▶ _WHAT YOU WILL DO_:
The answer must consist of each line of the records below that contains the string "Steel".
----
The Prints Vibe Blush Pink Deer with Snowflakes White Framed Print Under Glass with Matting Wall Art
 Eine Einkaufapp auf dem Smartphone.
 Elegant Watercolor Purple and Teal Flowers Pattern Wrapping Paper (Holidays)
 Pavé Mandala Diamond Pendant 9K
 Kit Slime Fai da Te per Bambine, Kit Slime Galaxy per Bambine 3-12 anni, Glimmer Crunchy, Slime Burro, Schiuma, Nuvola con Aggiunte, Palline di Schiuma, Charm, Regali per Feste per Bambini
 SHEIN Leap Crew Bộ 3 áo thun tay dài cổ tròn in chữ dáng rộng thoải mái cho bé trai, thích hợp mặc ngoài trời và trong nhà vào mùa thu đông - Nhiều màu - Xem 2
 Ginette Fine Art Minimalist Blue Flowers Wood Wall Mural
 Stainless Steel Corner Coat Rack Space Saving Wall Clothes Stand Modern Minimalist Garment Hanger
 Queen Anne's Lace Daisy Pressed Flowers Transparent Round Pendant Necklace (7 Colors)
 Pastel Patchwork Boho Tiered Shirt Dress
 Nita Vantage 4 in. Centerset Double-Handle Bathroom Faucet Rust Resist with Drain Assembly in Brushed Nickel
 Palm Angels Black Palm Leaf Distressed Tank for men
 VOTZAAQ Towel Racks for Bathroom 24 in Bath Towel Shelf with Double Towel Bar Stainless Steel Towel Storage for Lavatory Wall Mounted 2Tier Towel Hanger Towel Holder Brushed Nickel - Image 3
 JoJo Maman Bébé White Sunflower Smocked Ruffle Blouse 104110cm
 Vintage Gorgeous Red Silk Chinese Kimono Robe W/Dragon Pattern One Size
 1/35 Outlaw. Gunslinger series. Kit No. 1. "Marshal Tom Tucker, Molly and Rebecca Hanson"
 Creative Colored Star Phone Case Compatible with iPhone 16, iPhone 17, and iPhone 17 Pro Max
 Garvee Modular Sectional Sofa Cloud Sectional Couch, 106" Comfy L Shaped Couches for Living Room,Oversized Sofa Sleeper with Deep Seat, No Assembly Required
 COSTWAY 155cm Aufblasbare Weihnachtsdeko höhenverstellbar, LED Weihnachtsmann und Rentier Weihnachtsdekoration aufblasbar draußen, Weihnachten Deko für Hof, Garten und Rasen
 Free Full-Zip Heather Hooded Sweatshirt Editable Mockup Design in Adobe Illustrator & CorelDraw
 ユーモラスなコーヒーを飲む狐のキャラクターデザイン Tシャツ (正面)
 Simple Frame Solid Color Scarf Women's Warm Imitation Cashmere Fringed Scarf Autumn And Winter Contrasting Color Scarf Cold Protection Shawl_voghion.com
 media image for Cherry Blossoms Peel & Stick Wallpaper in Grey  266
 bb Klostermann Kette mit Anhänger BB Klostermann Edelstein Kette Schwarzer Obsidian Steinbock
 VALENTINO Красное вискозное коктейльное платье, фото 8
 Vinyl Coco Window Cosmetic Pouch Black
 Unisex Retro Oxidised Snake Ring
----
▶ _SOLUTION TO THE PROBLEM_:
 Stainless Steel Corner Coat Rack Space Saving Wall Clothes Stand Modern Minimalist Garment Hanger
 VOTZAAQ Towel Racks for Bathroom 24 in Bath Towel Shelf with Double Towel Bar Stainless Steel Towel Storage for Lavatory Wall Mounted 2Tier Towel Hanger Towel Holder Brushed Nickel - Image 3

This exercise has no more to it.